В исследовании, посвященном тому, как американские СМИ освещали вьетнамскую войну, политолог Дэниел Халлин предложил обманчиво простую диаграмму для объяснения некоторых нюансов определения повестки дня. Диаграмма, которую иногда называют «Сферами Халлина», представляет собой круг внутри другого круга, плавающего в пространстве. Внутренний круг – это «сфера консенсуса». Сам Халлин поясняет, что это сфера «материнства и яблочного пирога», то есть тех социальных явлений, которые ни журналисты, ни общество не считают противоречивыми. Этот круг находится в более крупной «сфере обоснованной дискуссии», заполненной вопросами, по которым, как известно, «мыслящие люди» могут иметь различные мнения.
В Соединенных Штатах идея о том, что представительная демократия и капитализм являются правильными организующими принципами современного общества, находится в сфере консенсуса. Журналисты редко уделяют внимание аргументам в пользу того, что в Соединенных Штатах нужно провести социалистическое перераспределение благ или что страна должна войти во всемирный исламский халифат. В сферу обоснованной дискуссии входят вопросы о праве на аборт, об ограничениях на владение огнестрельным оружием или уровне налогообложения. Если удалиться от вопросов, по которым достигнуто согласие или ведутся согласованные дебаты, вы окажетесь в «сфере отклонений», где находятся мнения, о которых в СМИ даже не упоминается. Халлин замечает, что «доктрина справедливости», которой придерживалась Федеральная комиссия по связи США с 1949 по 1987 год, с одной стороны, требовала от вещающих организаций уделять значительную часть эфирного времени общественно важным вопросам и обеспечивать представленность противоположных взглядов, с другой – недвусмысленно заявляла, что это требование не распространяется на коммунистов.
СМИ, считает Халлин, играют роль стража, который «раскрывает, клеймит или исключает из повестки дня» неправильные взгляды. Рассказывая об одних взглядах и замалчивая другие, СМИ «размечают и защищают границы допустимого политического поведения». Даже когда в среде ученых вопрос влияния человека на изменения климата находится в сфере консенсуса, до тех пор, пока американские СМИ транслируют противоположные взгляды, этот вопрос остается в сфере обоснованной дискуссии. Ретранслировав мнение «рожденцев», считающих, что президент Обама воспользовался подложным свидетельством о рождении, СМИ переместили эту идею из сферы отклонений в область обоснованных споров и вывели конспирологическую теорию на уровень важнейшей политической дискуссии.

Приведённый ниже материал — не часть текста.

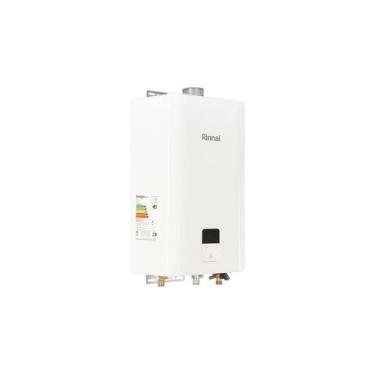 Imagem de Aquecedor a Gás Digital Reu-E100 Feh (E10) 10 Litros Glp Branco Rinnai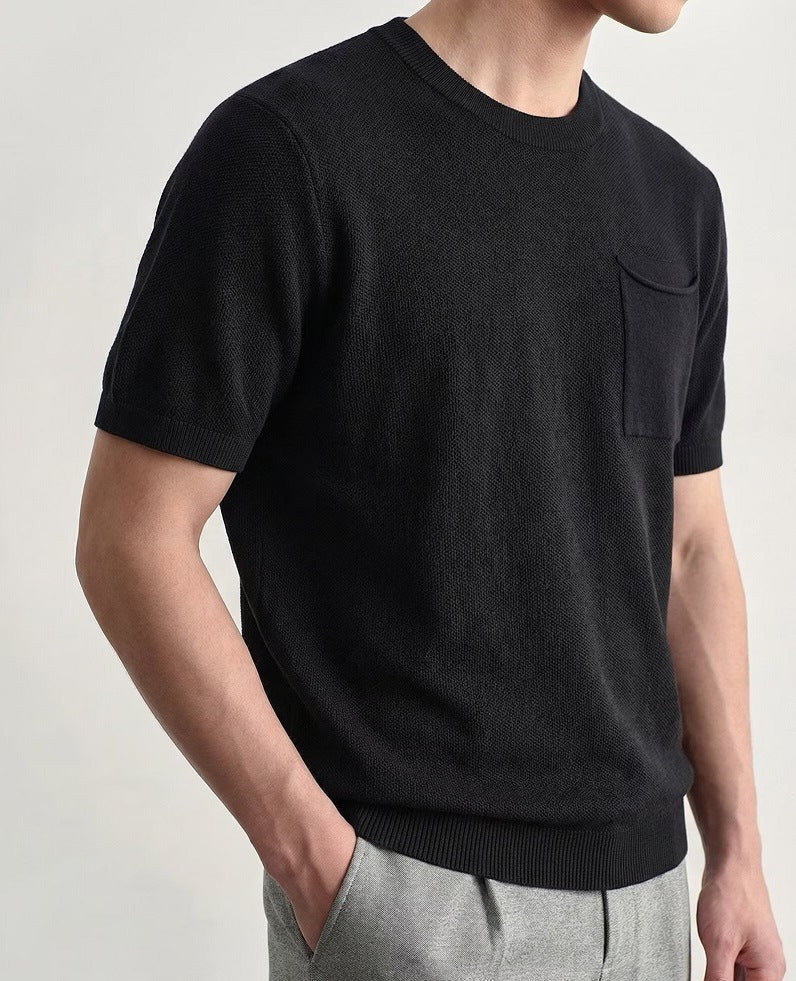 Tricou polo cu textură și croială lejeră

В сфере отклонений оказываются не только оскорбительные или необоснованные мнения; достаточно того, чтобы высказываемые соображения были далеки от основного направления мысли и «серьезные люди» не брали их в расчет. Политический карикатурист Тед Ролл предложил простой тест на определение идеологических отклонений: «Когда “серьезные люди говорят” нечто, те, кто с ними не согласен, по определению оказываются людьми пустыми и малоинтересными, а потому и слушать их не стоит. Заходы типа “никто всерьез не станет полагать” – это уже почти оруэлловский накал: получается, что всякий, кто выражает данную мысль, в буквальном смысле не существует. Он (или она) является нечеловеком».[129] Сама фраза «серьезные люди» является попыткой защитить журналистские представления из сферы обоснованной дискуссии от идей из сферы отклонений.